Nasrin Amin did not know Martin Place gunman Man Haron Monis but during December's deadly siege the Melbourne IT worker said she felt his actions personally.
"I was returning from work on the train — a lady started pushing me with her bag and she started yelling at me and telling me to go back to the Middle East. I didn't come from the Middle East," the petite and softly spoken mother of three said.
Ms Amin is originally from Bangladesh, but has been in Australia since 1991.
She was attacked twice around that time and admitted she was "shaken inside" and lived in fear.
She would sit next to the emergency button on the train just in case she was attacked again.
"Racism hurts", she told a 200-strong crowd at a forum on Islamophobia in the Melbourne suburb of Coburg on Sunday.
Ms Amin wears a black veil that covers half of her face. She organised the awareness forum in part because of her personal experience, and because of the stories she heard of other Muslim women who have been attacked.

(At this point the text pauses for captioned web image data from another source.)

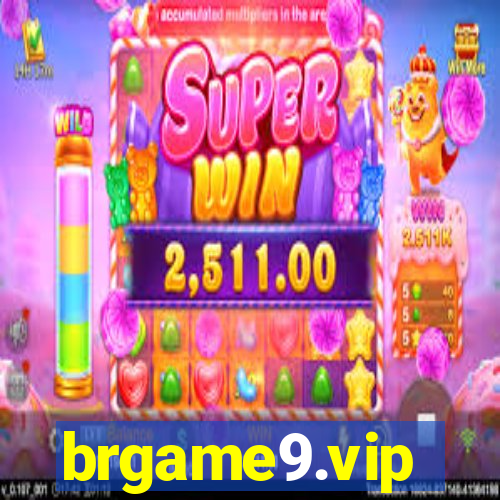 brgame9.vip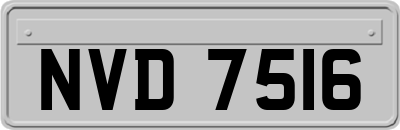 NVD7516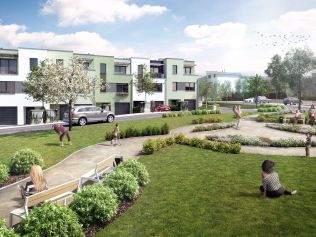 Tip: Projekt Beranka hledá poslední majitele.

Incidents included having their scarves pulled off them, and in one case, a woman had coffee thrown on her.
"From a victim's point of view, Islamophobia is racism," Ms Amin said.
"People can say Islam is not a race ... but from a victim's point of view this kind of abuse ... affects our lives, how we go on with our daily lives."
Melbourne's Muslim community is increasingly concerned about anti-Islamic sentiment.